Even if you have employees who love you and would never themselves complain, remember that the government always has the right to come in and audit you. Additionally, plenty of people are out there encouraging complaints to be filed. For example, an organization by the name of Illegal Employers.org has established a Website for reporting employers alleged to be engaged in employing unauthorized workers in California and elsewhere. The Website describes the organization as "a network of law firms, labor organizations, immigration reform advocates and others working to eliminate the incentive for illegal immigration."
I-9 form changes
The I-9 forms themselves have been, and continue to be, revised to reflect the transfer of responsibility from the old Immigration and Naturalization Service to the new U.S. Customs and Immigration Service, which is now part of the Department of Homeland Security. The most current I-9 form is dated May 31, 2005, but rumor has it that USCIS intends to revise it again before 2006 is out. The current form is available at uscis.gov/graphics/formsfee/ forms/files/i-9.pdf.

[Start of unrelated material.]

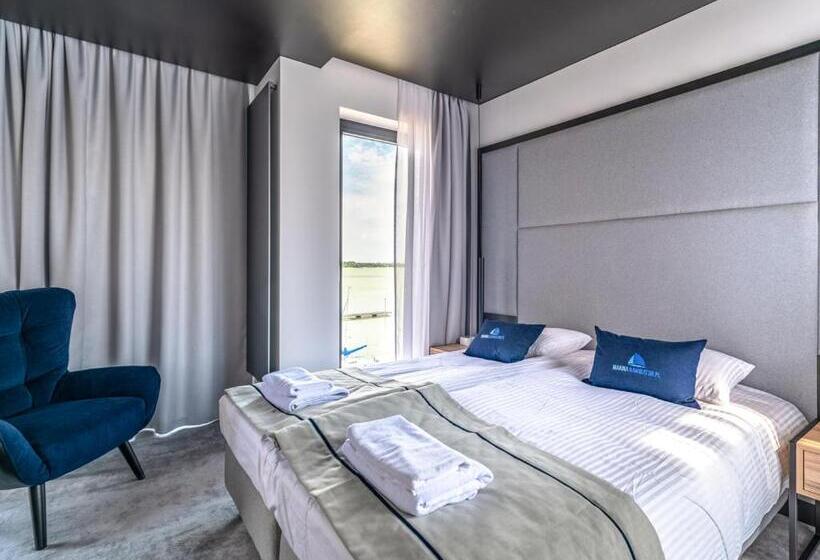Suite with lake view, Marina Nawigator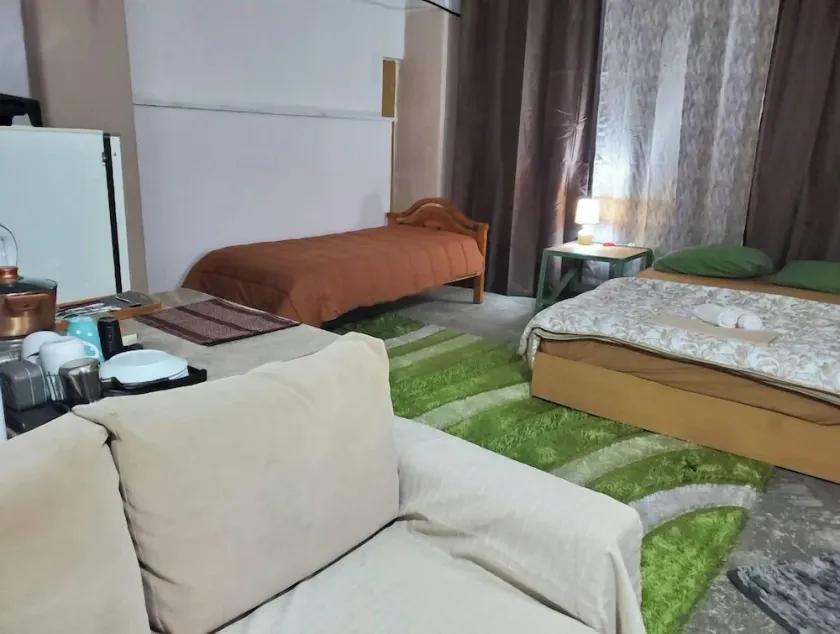 Family-friendly, 72sm Bedroom in Nikaia close to Metro St & Peiraeus Port - Image 1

'Acceptable' proof of identity
The USCIS has changed the kinds of documents that employers may accept to establish identity and eligibility for employment (known as "List A" documents). You can't tell from reading the I-9 form itself that this back-up documentation requirement has changed, effective immediately. You only know this by reading the instructions for filling out the I-9 forms.
Other types of documents that used to be acceptable proof of employment eligibility that are no longer acceptable include:
- Certificates of Citizenship (INS Forms N-560 and 561);
- Certificates of Naturalization (INS Forms 550 and 570);
- Form I-151;
- Unexpired Re-entry Permits (INS Form I-327); and
- Unexpired Refugee Travel Documents (INS Form I-571).

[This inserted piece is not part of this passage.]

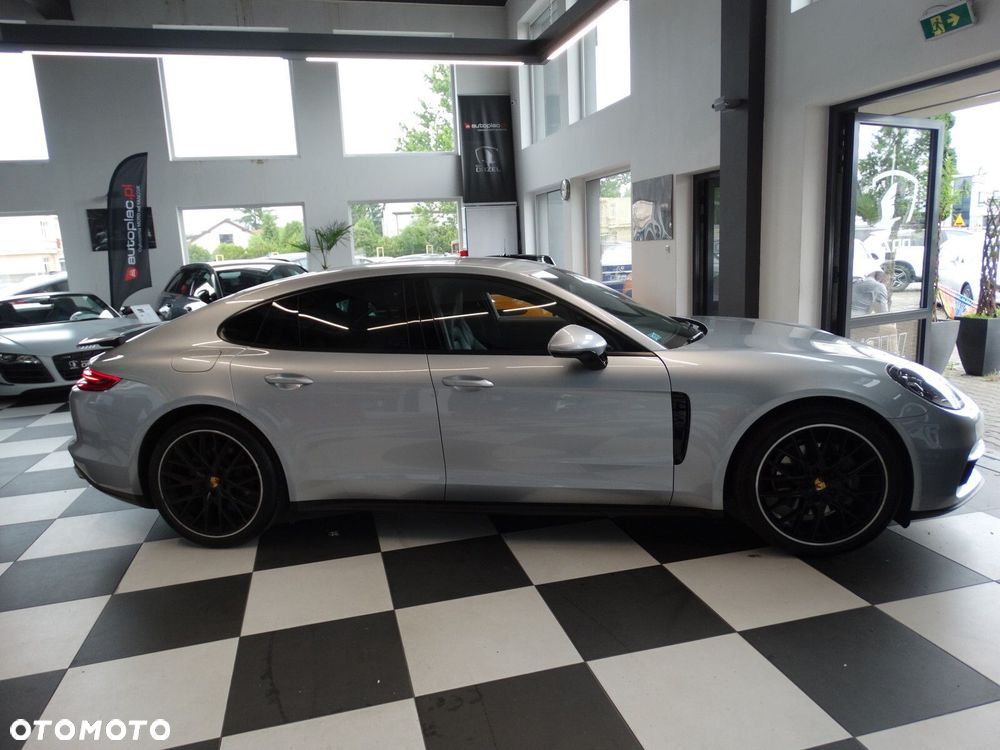 Porsche Panamera - 4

One new form of acceptable proof of eligibility is the "Employment Authorization Document" (INS Form I-766). Remember that the burden will always be on the employer to assure that the documentation is true and accurate.

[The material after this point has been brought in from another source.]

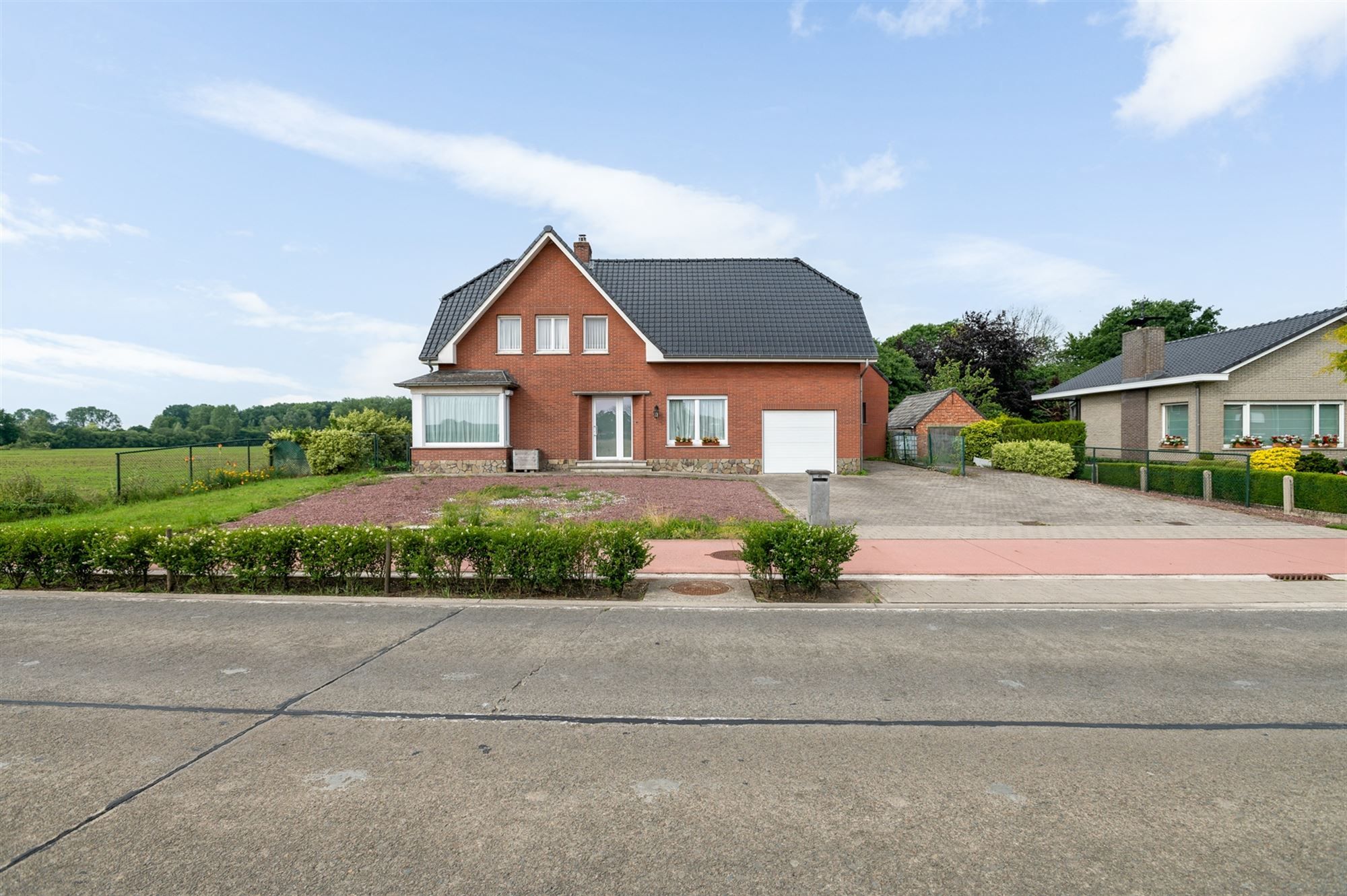 Zeer ruime open bebouwing op een perceel van 2185 m2 foto 3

Employment eligibility status
An employer has three separate requirements with respect to I-9s: Initial verification; re-verification; and document retention.
Initial verification: Employers must collect I-9 forms from every employee within three days of hiring to verify identity and eligibility to work — a Social Security Card or number is not enough. The employer must examine and record the documents that prove the employee's identity and employment eligibility. The legal threshold for examining these documents is that the documents must appear to be genuine and relate to the employee. This means that employers are not liable if employees present them with false documents, as long as the employers are — and remain — unaware of the fraud.
Re-verification: Federal law also requires re-verification of employment eligibility for all hires with temporary work authorization. The re-verification must occur on or before the date that work authorization is due to expire. This is not as easy as it sounds, because while employers must re-verify eligibility on a set schedule, they cannot do so in a "discriminatory" manner that could smack of harassment — such as by asking for more information than is required.
If an employer fails to re-verify employment eligibility for workers with temporary work authorization, the government considers the employer "on notice" that the employees may not be authorized to work legally. This notice likely leads to increased penalties in the event of a government audit.
Document retention: Employers must keep the forms readily available for inspection by the USCIS but not in the employee's personnel files. These forms have to be kept on file until the latter of three years after the date of hire or one year after date of termination. In the federal Form I-9 context, routine purging of old, outdated documents is key for employers seeking to minimize liability. But employers should make sure they no longer need the documents. Purging required documents can have consequences from fines to jail time.